Contact: Steve Hopcraft 916/457-5546, Steve@hopcraft.com; Twitter: @shopcraft
VENTURA, CA – Several attorneys from the Central Coast Chapter of the
California Applicants’ Attorneys Association (CAAA), whose members represent Californians injured on the job, held a news conference today on the steps of the Ventura County District Attorney Gregg Totten’s (DA) office and called for the DA to file criminal charges against a claims adjuster for Sedgwick Claims Services, and against Sedgwick itself, for their callous indifference to, and reckless disregard for, the health and welfare of Charles Romano, a Ralph’s Grocery Co. worker, which resulted in his death.

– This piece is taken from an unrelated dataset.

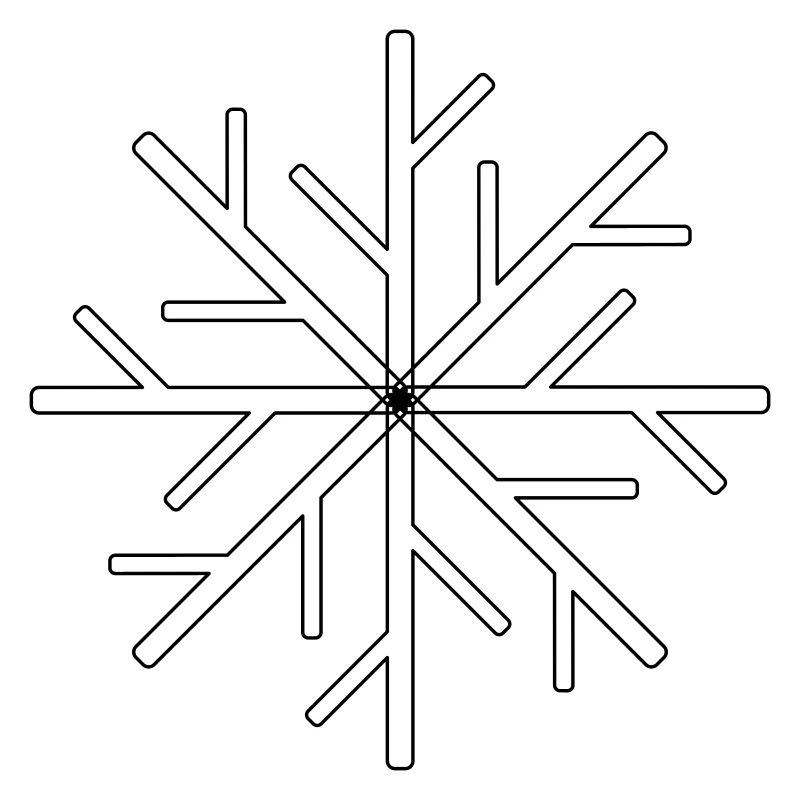 Schneekristall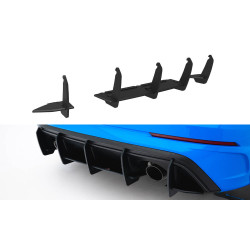 Zadní difuzor V2 Ford Focus RS Mk3 (verze pro USA) (černá-červená)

“Even after a judge determined Charles’ illness was a result of his work injury, the insurance carrier continued to refuse medical care. Charles soon died,” said Jill Singer, a Ventura workers’ compensation insurance attorney, and Central Coast CAAA Chapter President. “Why is it not criminal when workers’ compensation insurance companies kill patients through delaying and denying medical care?”
Sid Freeman was Charles Romano’s friend, and helped care for him during the final months of his life. “Charles and I were friends for over 27 years. He was like a brother to me. Charles was only in his 40’s when he was injured on the job. He had surgery to repair his injuries and afterwards contracted a highly resistant staph infection that attacked his lungs, kidneys and paralyzed him,” said Freeman. Sedgwick, the insurer, refused to pay for the necessary care for the infection. Ms. McDivitt, the claims adjustor, said the infection was unrelated to Charles’ work injury. This lack of needed care led to a horrific downward spiral in Charles’ health. Sedgwick drove Charles to want to die. He said, ‘I’m tired of having to fight for everything.’ Two weeks later, he died.”
The Workers’ Compensation Appeals Board (WCAB) found that Sedgwick Claims Management Service, a third party claims administrator, defied a judge’s order to provide needed medical care. Sedgwick faces a relatively small monetary penalty, which means little to a huge corporation.
The WCAB wrote: “We have rarely encountered a case in which a defendant has exhibited such blithe disregard for its legal and ethical obligation to provide medical care to a critically injured worker,” the [Workers’ Compensation] Appeals Board said. “Sedgwick CMS, acting as claims administrator for the Kroger Co./Ralph’s Grocery Co., demonstrated a callous indifference to the catastrophic consequences of its delays, inaction and outright neglect. …” (emphasis added) To read the Romano decision, click here: http://www.workcompcentral.com/pdf/2013/misc/RomanovKroger.pdf
“The fact that Ms. McDivitt’s employer profited from Mr. Romano’s death makes criminal sanctions even more important. Mr. Romano’s care was costing $24,000 per day. Instead of paying those medical care costs, Ms. McDivitt’s employer is now free of any payment, as Mr. Romano is dead,” Singer said.
Ms. McDivitt, who had more than 30 years’ experience in this field, knew that Mr. Romano’s injury included the lungs; that liability for medical care cannot be apportioned; that, even if a medical condition was not occupationally related, the employer must provide care if such care is necessary to cure or relieve the industrial injury; and, that she, as a lay insurance claims examiner, could not refuse to authorize medical treatment under the Utilization Review statute on grounds that it was not necessary to cure or relieve Mr. Romano’s injury. Despite all that, Ms. McDivitt and Sedgwick unilaterally denied authorization for a BiPAP, even though she knew that without it, Charles could stop breathing and die.
“Is there a criminal sanction for defying a judge’s order that results in the death of a disabled patient known to be in extremis? When a drunk driver kills a pedestrian, it’s manslaughter. When a physician overprescribes painkillers and the patient dies, it’s criminal. Similarly, when a workers’ compensation insurance carrier acts the same way, it should be a criminal act,” said Singer.